Screening and prostate-cancer mortality in a randomized European study
- PMID: 19297566
- DOI: 10.1056/NEJMoa0810084
Screening and prostate-cancer mortality in a randomized European study
Abstract
Background: The European Randomized Study of Screening for Prostate Cancer was initiated in the early 1990s to evaluate the effect of screening with prostate-specific-antigen (PSA) testing on death rates from prostate cancer.
Methods: We identified 182,000 men between the ages of 50 and 74 years through registries in seven European countries for inclusion in our study. The men were randomly assigned to a group that was offered PSA screening at an average of once every 4 years or to a control group that did not receive such screening. The predefined core age group for this study included 162,243 men between the ages of 55 and 69 years. The primary outcome was the rate of death from prostate cancer. Mortality follow-up was identical for the two study groups and ended on December 31, 2006.

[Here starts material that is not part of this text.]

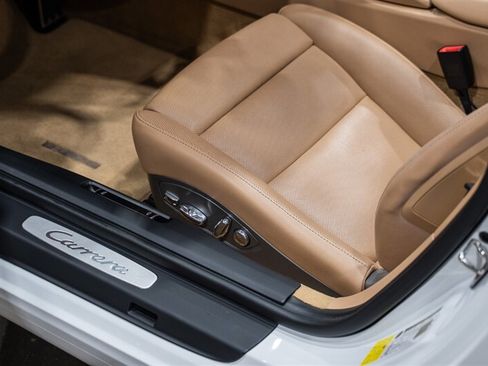 Used 2013 Porsche 911 Carrera RWD image 26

Results: In the screening group, 82% of men accepted at least one offer of screening. During a median follow-up of 9 years, the cumulative incidence of prostate cancer was 8.2% in the screening group and 4.8% in the control group. The rate ratio for death from prostate cancer in the screening group, as compared with the control group, was 0.80 (95% confidence interval [CI], 0.65 to 0.98; adjusted P=0.04). The absolute risk difference was 0.71 death per 1000 men. This means that 1410 men would need to be screened and 48 additional cases of prostate cancer would need to be treated to prevent one death from prostate cancer. The analysis of men who were actually screened during the first round (excluding subjects with noncompliance) provided a rate ratio for death from prostate cancer of 0.73 (95% CI, 0.56 to 0.90).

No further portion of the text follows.